Every NFL team has a philosophy when it comes to free agency. Some teams build on one side of the ball through free agency and then concentrate on draft to fill in the remaining gaps. Some GM's sign the hottest names they can find, while others stick to the "blue collar" players. So what exactly is the Chargers' plan towards free agency?

After this latest round of free agency, Charger fans certainly have a right to know what is going on, and "we have a plan" does not suffice. It was not but three years ago, the Chargers were bringing in some of the hottest young names in football. In his first year, Butler signed hot prospects such as Marcellus Wiley, Ryan McNeil, Doug Flutie, Sam Rogers, and Wade Richey. The next year he nabbed Cory Raymer, Donnie Edwards, and Stephen Alexander.

Each one of these players addressed a position of need for the bolts. The Chargers were coming off arguably the worst time in its franchise history, the Leaf era. We need a quarterback and got one. We needed a rush end and got it as well. We needed a couple of cover corners and got them too. We had not played a game yet, but were being dubbed as the team "most likely to improve" that year. The free agents were holding the reins as the young draftees were waiting their turn. It was a glorious time for much deprived Charger fans.

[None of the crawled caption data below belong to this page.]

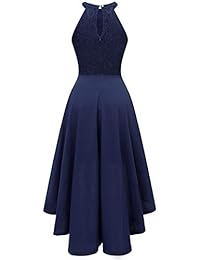 YOYAKER Vestido de mujer sin mangas, de encaje floral, para cóctel, patinaje, fiesta, vestido de dama de honor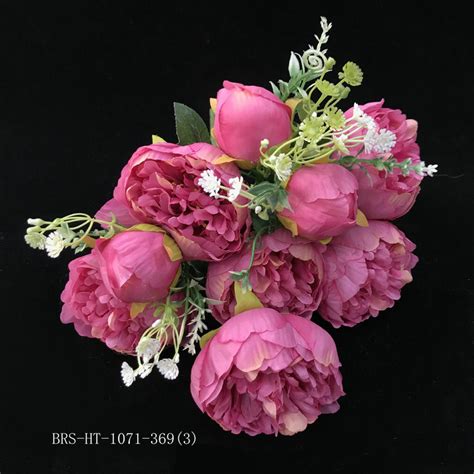 Artificial Flower With 6 Heads3 Buds Peony Bushes Fake Silk Simulation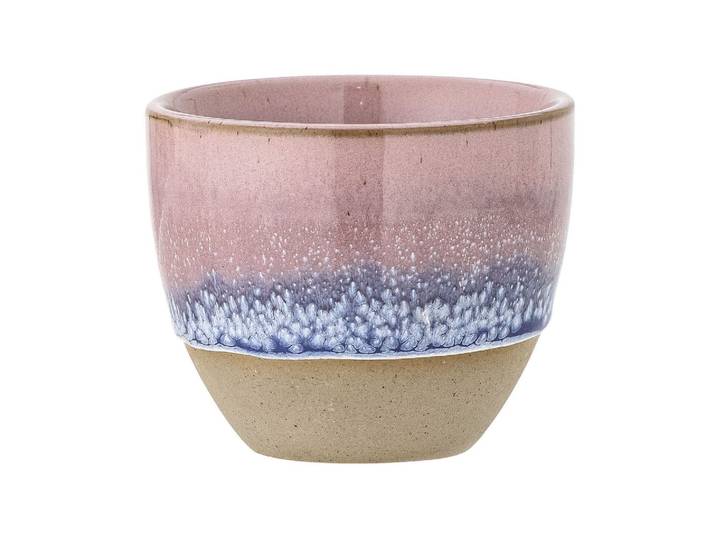 Tasse en grès rose, glaçure nuances violettes, à motifs, pièce un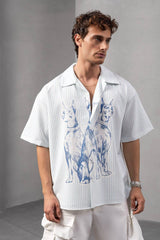 2morrow Boxy Striped Shirt in Blue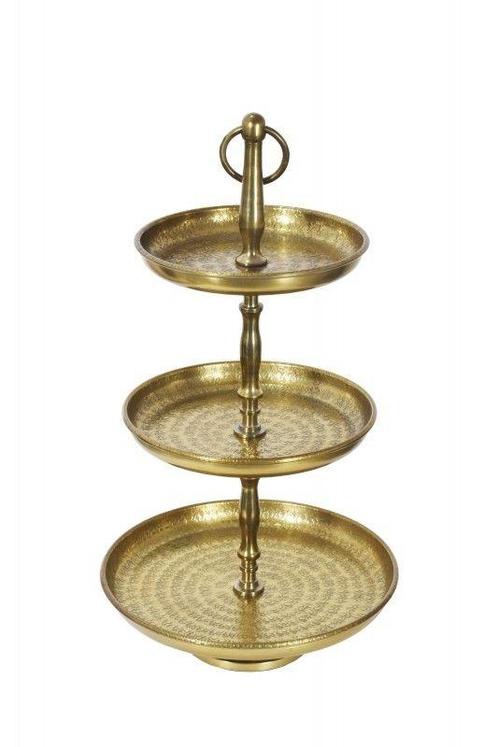 Design taartplateau ORIENT 47cm goud in wild hammer finish, Huis en Inrichting, Woonaccessoires | Vazen, Ophalen of Verzenden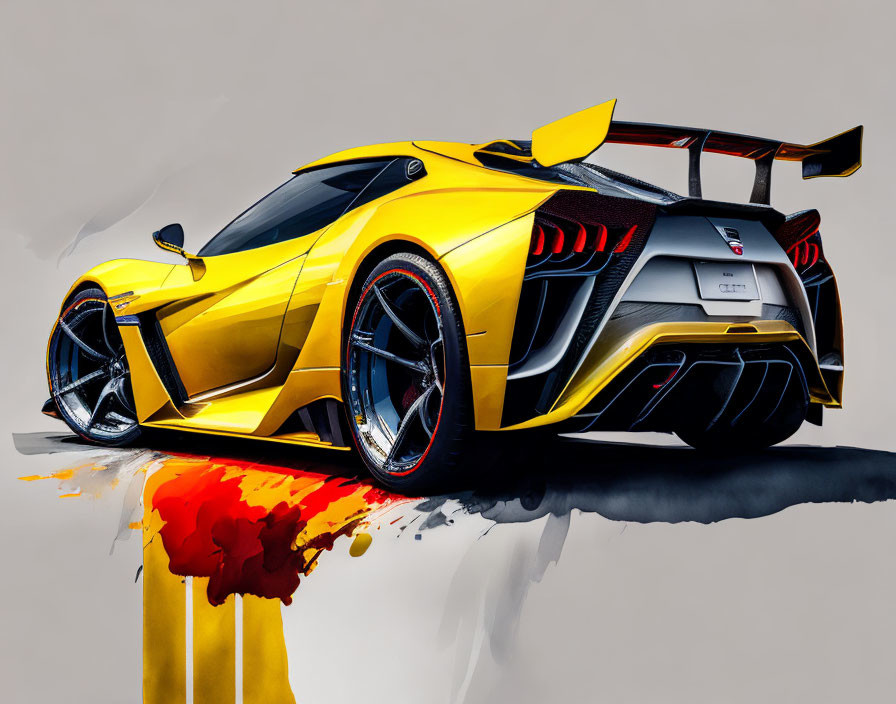 Bright Yellow Sports Car with Rear Wing and Paint Smears Reflection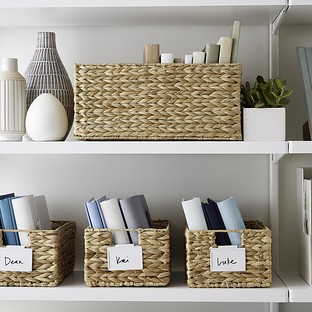 Medium Water Hyacinth Bin Natural | The Container Store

The Chargers then decided to go with "the youth movement". I was skeptical, to say the least, when we let Rodney Harrison and Junior Seau go. Despite the reports, I believed both players still had some good football left in them. But, I was also excited when we signed David Boston and Lorenzo Neal. Did anyone see that picture floating around of Boston's arms? His arms are bigger than most people's legs. I had visions of a true freak-a-zoid running over the Raider faithful as he led us back to the promise land.

Well, good ole Murphy came back, and I am not talking about Jack Murphy. Maybe that is why the Chargers decided to change the name of their stadium; they were tired of Murphy's Law associating itself with their organization.

Each one of these players (aside from Flutie and Edwards) was a bust. Wiley cared more about his idiotic dance than playing football. Seriously, did anyone ever tell him how stupid he looked? I figured a boy with an Ivy League education would have more sense. Raymer and Alexander played a total of five minutes, injuring muscles every other week I never knew existed. And Boston proved every skeptic right within three weeks of the season by being suspend his fourth game in. Way to go, David!

So, like our defensive scheme, our free agency plan has changed. We are no longer pursing the Boston's or Wiley's of the world. But, the extreme position the Chargers are taking is puzzling. I understand avoiding the problem children around the NFL. But, not every top named free agent is a butthead.

Marty and AJ said our positions of need "would be addressed in the off –season". They also say they are shooting "for the playoffs". So what do they do? They release just about every high dollar player we have. Then, instead of going after free agents such as Todd Wade, Jeff Garcia, Ted Washington, etc, we sign players like Steve Foley, Mike Goff, Leander Jordan, and Randall Godfrey. Do not get me wrong, I want all these players to succeed and I consider them apart of the Charger family now. But, they are hardly the type of players that give me confidence that we will be a playoff team next year. If they prove me wrong, I will be the first to admit it. But, unfortunately, I believe most Charger fans have of the same opinion as I do.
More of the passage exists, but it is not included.